Based on what I heard that night this story teller can really weave a tale and that hasn’t gone unnoticed in that she’s the first Black American woman to win the highest honor in British Theatre, the Olivier Award for Best New Play. Her drama was originally produced at The Cherry Lane Theatre in New York in 2007 and it takes an audience into the world of Toulou, a young woman who has escaped her family and the Delta cotton fields to pursue her dream of becoming a Blues singer. She falls for Ace of Spades, a rambling blues man, and whips up a potion of hoodoo magic to win his love. But when her past catches up with her in the form of her brother, Jib, the magic backfires and she has to fight her way to a new path to her dream.
How human.

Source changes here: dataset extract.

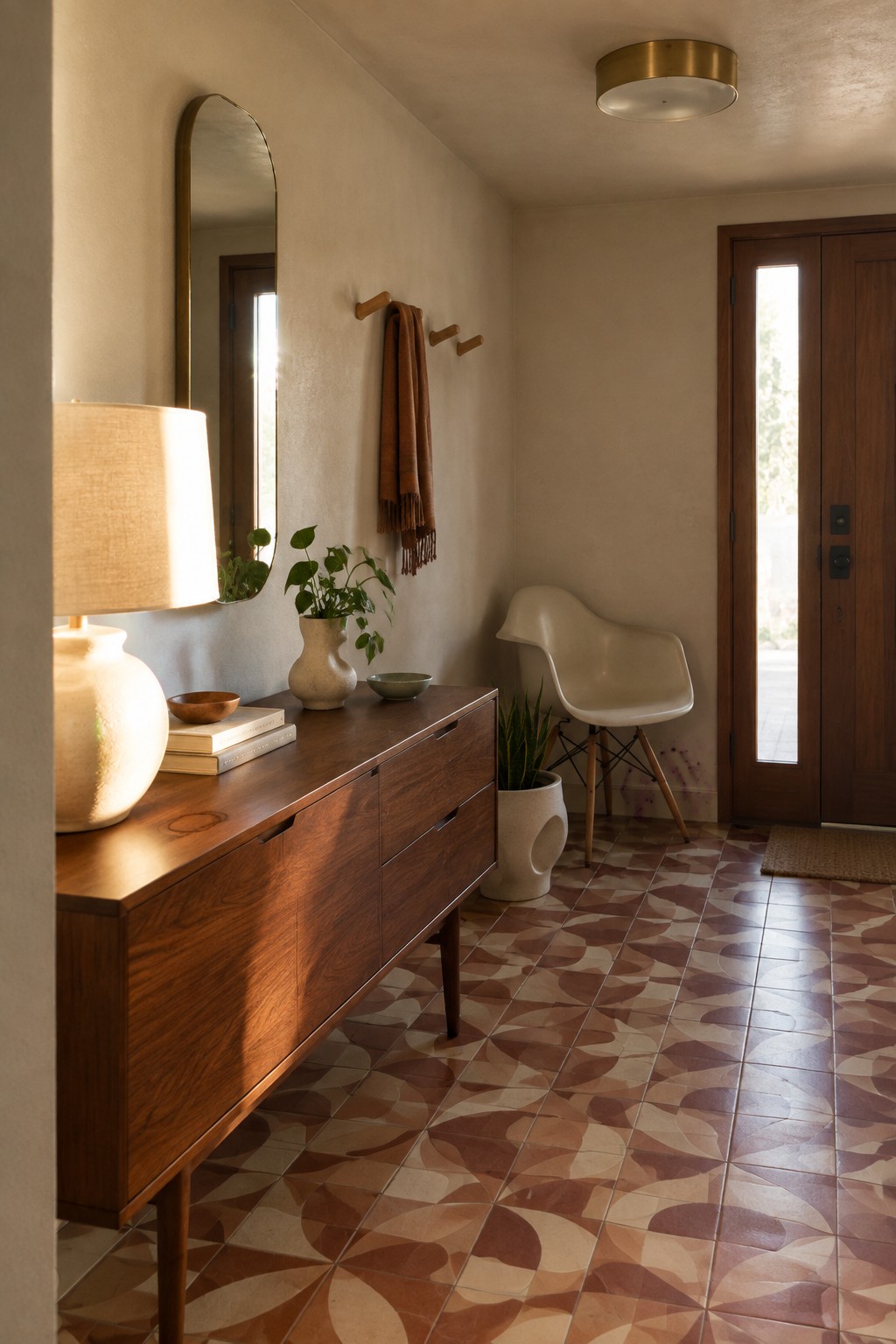 A round flush mount ceiling light above a narrow entryway with a wood console, mirror, and patterned tile floor.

Don’t we all have to redirect our paths, every now and then, to what we most desire in the world?
The actors are more than up for the task of taking us on this journey: San Diego’s own own award-winning actor and Executive Director of Common Ground Theatre, Monique Gaffney, portrays the CandyLady, the Hoodoo Madame of Beale Street; Jasmine Hughes takes on the role of Toulou; Broadway veteran Stu James plays the notorious Ace of Spades; Kirkady Myers breathes life into Toulou’s born -again Christian missionary brother, Jib.
Nataki Garrett, Associate Dean of the School of Theater at California Institute of the Arts and Co-Artistic Director of Blank-the-Dog Productions in Los Angeles will direct the play.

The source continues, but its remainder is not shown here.